**Assignment**
Beginning at the line that holds "Hey guys, Nick", transcribe each line exactly through the end of the records, and leave any pictures out.

**Supplied material**

[Start of section]

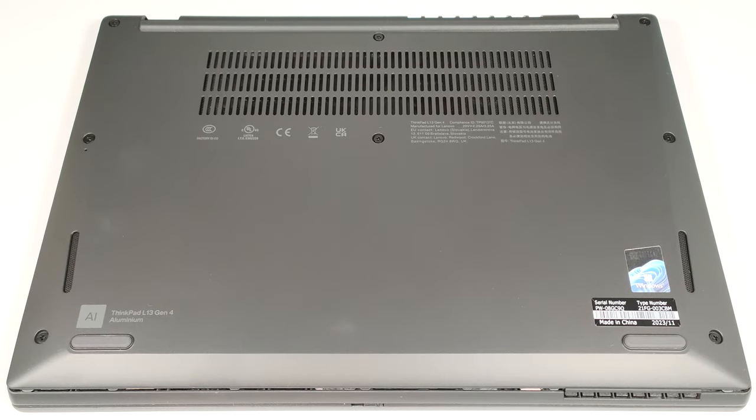Hello, this is Nick from Laptop Media, and today we will show you how to open the Intel version of the Lenovo ThinkPad L13 Gen 4.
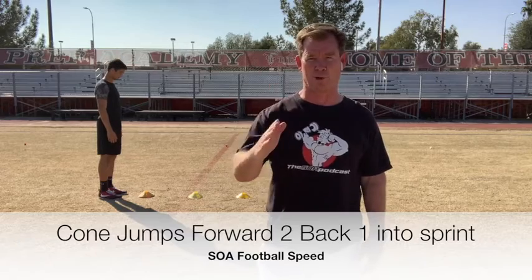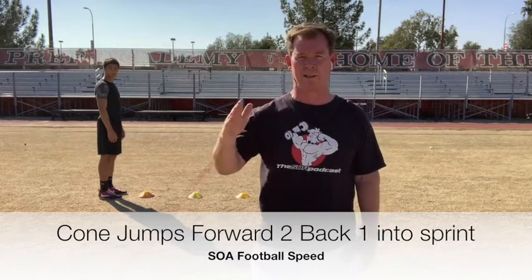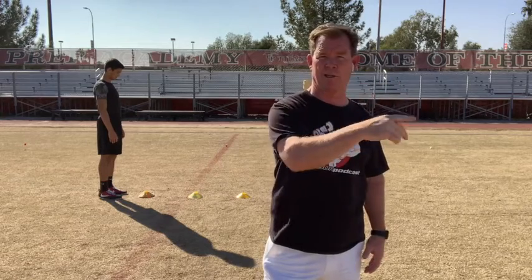We're going to do forward two. Jump over the first one, then the second, and we go backward one. Forward two, back one. Forward two, over the last one, hard sprint.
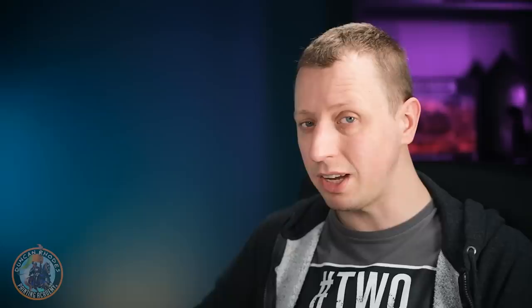Using Retributor Armour spray as the undercoat is ideal for this, but you could go for a grey undercoat if you prefer — the choice really is yours. Either way, the first step is going to be the same, where we have to paint it with a regular gold metallic paint. If you've gone for a gold undercoat, this might seem a little bit redundant, but having that undercoat means this is just going to be quicker than using a grey undercoat, which is why I've gone this way.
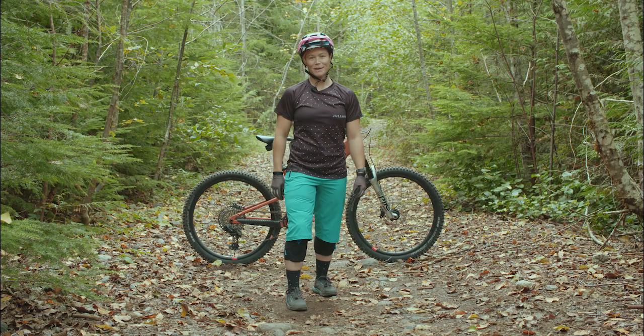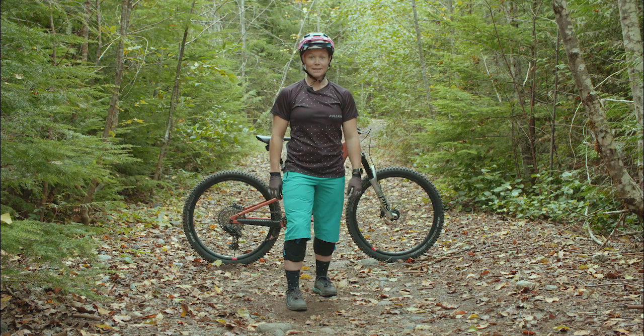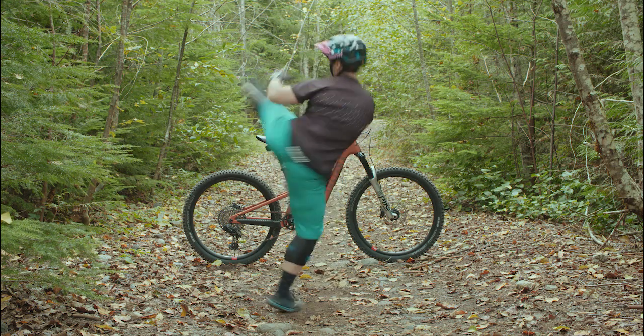Hey everybody! Welcome to Mountain Bike Mythbusters. I'm Jamie Hill, Juliana Rider and Coach, and today we're here to bust some myths.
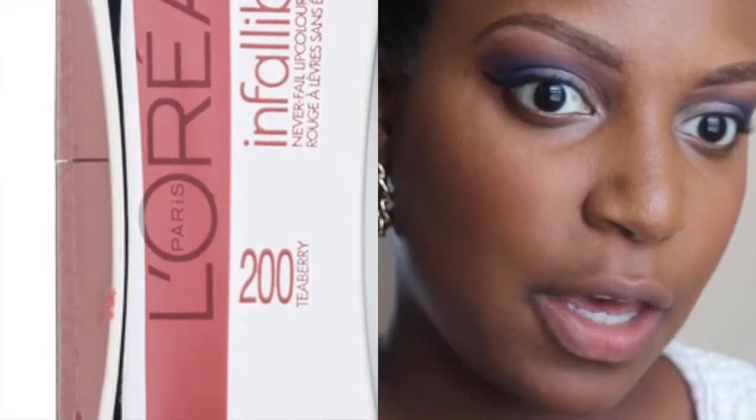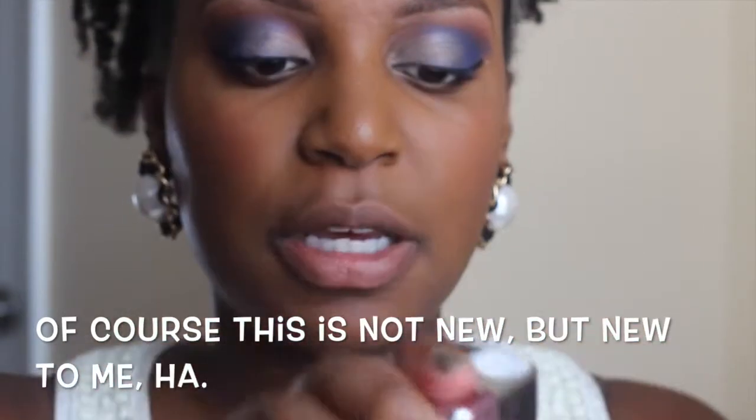Alright guys, this is L'Oreal Infallible 24-Hour Never Fail Lip Color in 200 Tea Berry. This is my first time using the L'Oreal Infallible Lip Colors, so let me go ahead and open it.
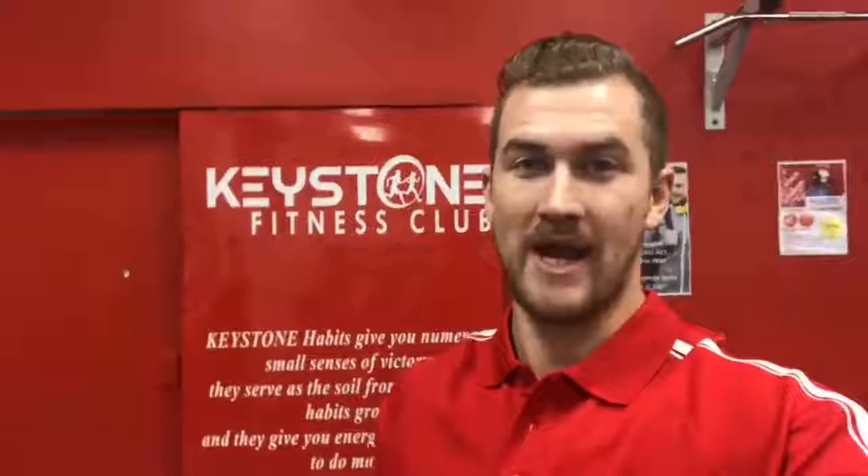Hey guys, Nick here, personal trainer and assistant manager here at Keystone Fitness Upper Burntree Gully. This is our first installment of our weekly tips so please enjoy. This one is based on shoulder health and how to look after your rotator cuffs and avoiding injury. Here we go.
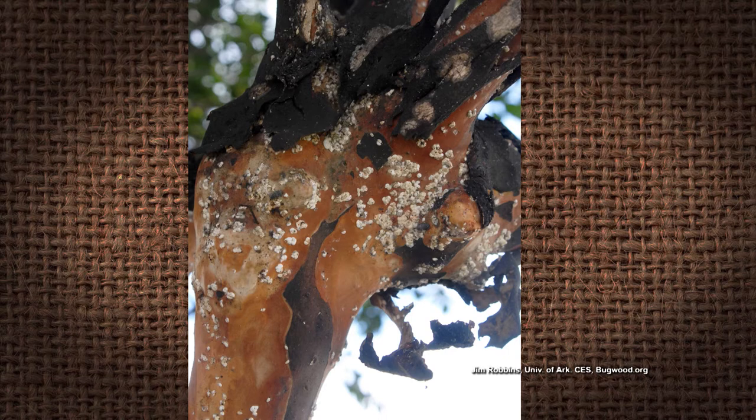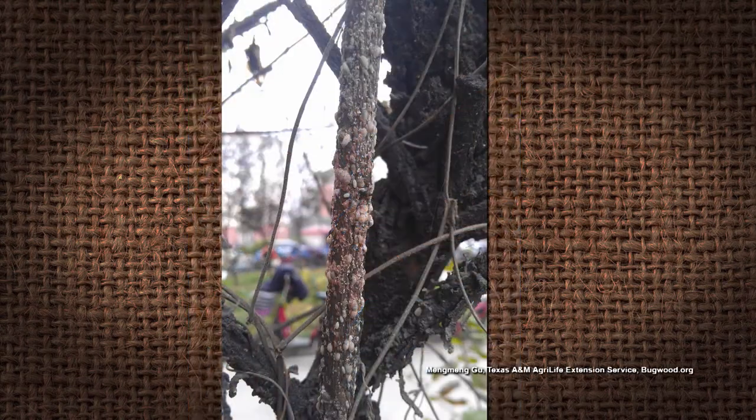What do you think about the white patches? If we had a picture, we could definitely tell you. White patches — could be scale, crepe myrtle bark scale maybe, because you can see it in patches on some of those branches and stems. That's the first thing that comes to my mind. Of course, if it was black, we'd say black sooty mold, and that'd be because of aphids or the crepe myrtle bark scale. But I'm thinking that's what that is.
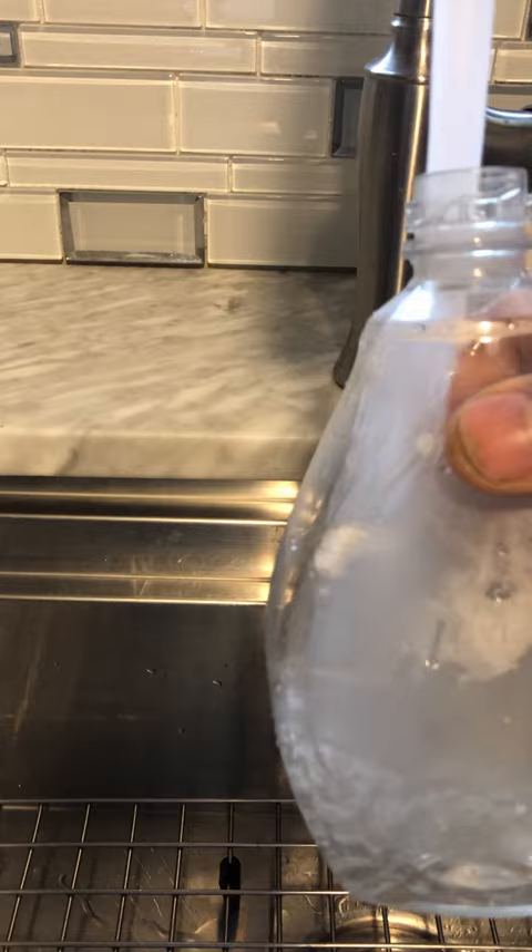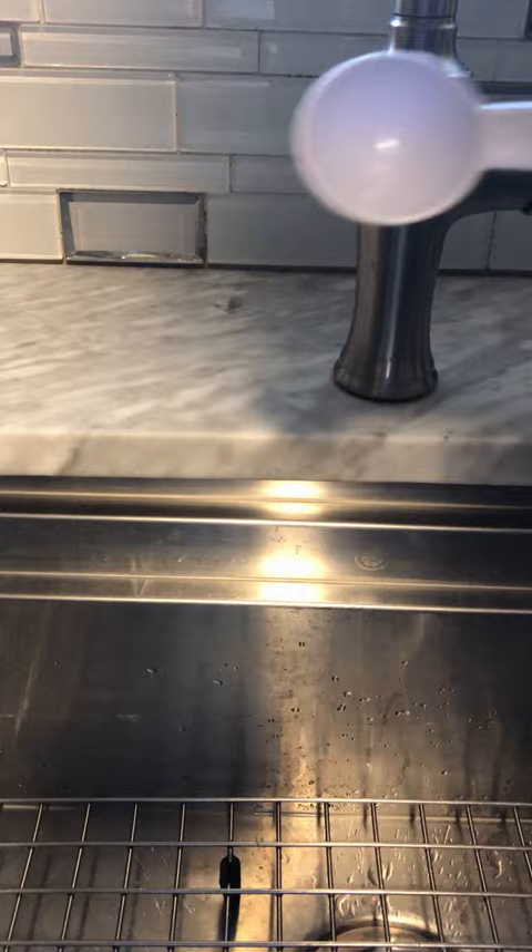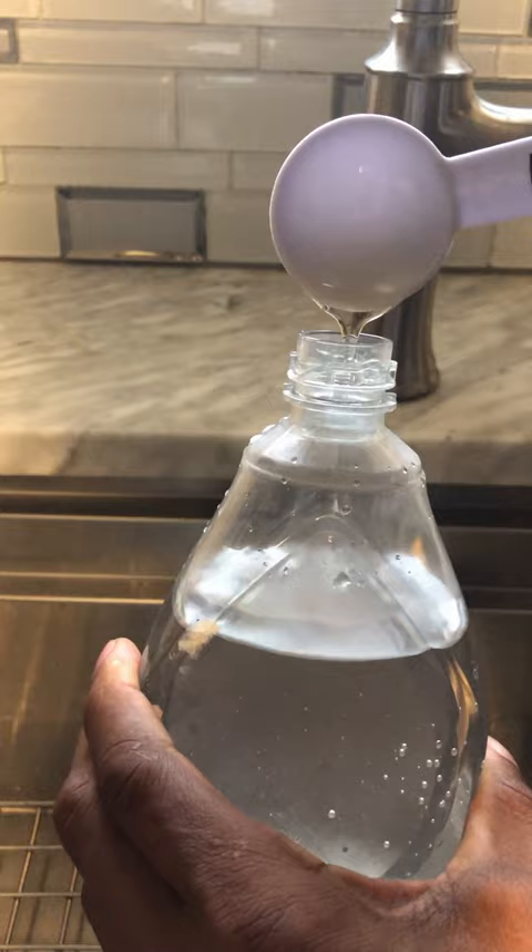Fill our 16 ounce spray bottle and add one tablespoon of tea tree castile soap. The tea tree has a compound in it called delaminine. We're also gonna add one tablespoon of our peppermint castile soap. The aroma of the peppermint castile soap acts as a deterrent to our fungus gnats.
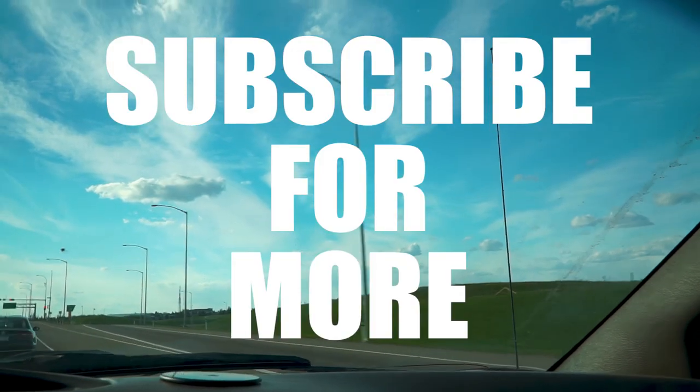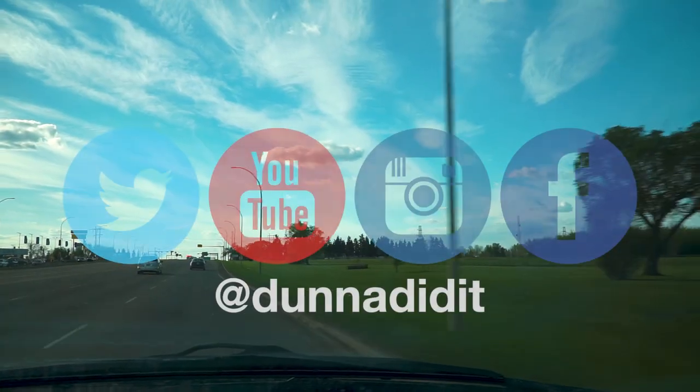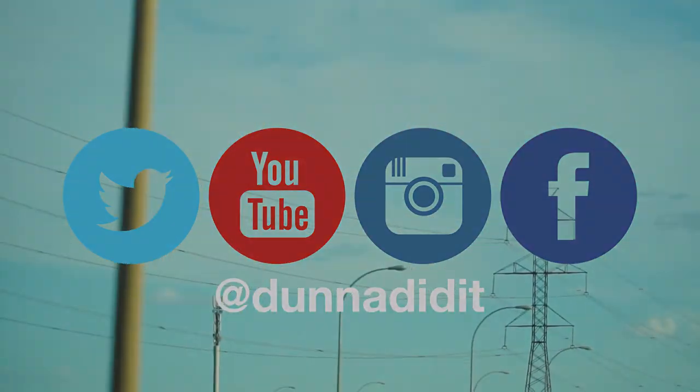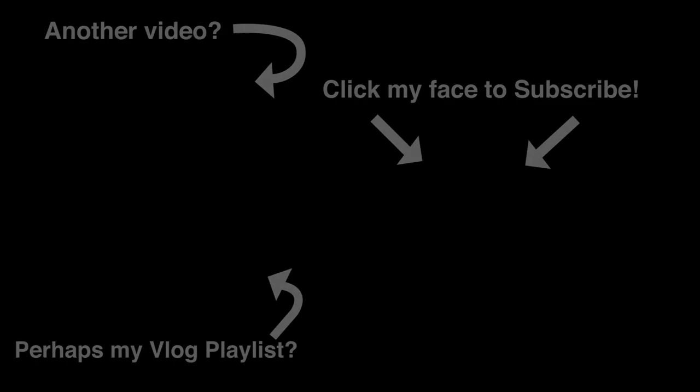It's actually so beautiful out right now — it's crazy. It's May long weekend, so people are partying and I'm going to go party with some yogis. I'll see you next time. Bye-bye.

[End of section]

**Task solution**
Hey guys, Nick here, personal trainer and assistant manager here at Keystone Fitness Upper Burntree Gully. This is our first installment of our weekly tips so please enjoy. This one is based on shoulder health and how to look after your rotator cuffs and avoiding injury. Here we go.
What do you think about the white patches? If we had a picture, we could definitely tell you. White patches — could be scale, crepe myrtle bark scale maybe, because you can see it in patches on some of those branches and stems. That's the first thing that comes to my mind. Of course, if it was black, we'd say black sooty mold, and that'd be because of aphids or the crepe myrtle bark scale. But I'm thinking that's what that is.
Fill our 16 ounce spray bottle and add one tablespoon of tea tree castile soap. The tea tree has a compound in it called delaminine. We're also gonna add one tablespoon of our peppermint castile soap. The aroma of the peppermint castile soap acts as a deterrent to our fungus gnats.
It's actually so beautiful out right now — it's crazy. It's May long weekend, so people are partying and I'm going to go party with some yogis. I'll see you next time. Bye-bye.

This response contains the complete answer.